Thursday, May 24, 2012

Thought Vomit Thursday

Oh Thought Vomit Thursday, how I have missed you!  Well obviously not enough to actually write a TVT post, well, until today.  So here goes.  Vomit spewing forth...

- The last two face washes that I have bought (and fell in love with) were both discontinued.  WTF?  Don't they know my tender skin needs that shit?  So anyhoo I had to try yet ANOTHER new face wash and it turned out to be an exfoliating type.  Right on the directions it told me to avoid the eye area.  (Pause for effect.)  The eye area.  Um HELLO?  That's where a majority of my makeup goes.  Doesn't this FACE wash understand that I am not one of those ladies that can wear her mascara twice in a row and still look fabulous?  Maybe it should have been called Nose, Cheek and Forehead Wash.

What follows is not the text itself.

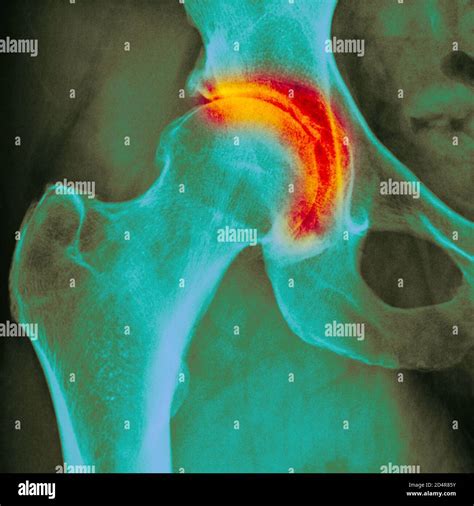 X-ray showing arthritis of the hip, arthritis is a joint disease that ...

-  I'm still reading the mommy porn.  Yep, I downloaded AND paid for 3 terrible books.  I don't know if it's been mentioned, but these books contain a lot of sex.  Like a lot.  So much that sometimes I get bored reading about it and skip the latest sex scene.  Me.  I skip it.  Anyway my husband is quite intrigued about how I am reading so much porn but not wanting to do it more.  He is convinced that I am just home all day alternating between reading and masturbating.  Not true at all.  Except the other night.  He told me an hour before one of our friend's birthday party that he was going to it.  I was all huffy because I thought it was rude that he wouldn't plan ahead so we could both attend, rather he left me at home (until 2:30 am I might add) by myself with no babysitter and only mommy porn.  So I masturbated.  I masturbated hard.  And the whole time I was thinking about how this was Spiteful Masturbation.  Done on purpose so that I would get some sort of sexual gratification and he wouldn't.  And of course, at 2:30 am, he comes home, wants to get jiggy with it, and I was like, NOPE!  I'm all good thanks.  I didn't tell him.  I just reveled in my secret spite skills.  Side note: Spiteful Masturbation is a great band name.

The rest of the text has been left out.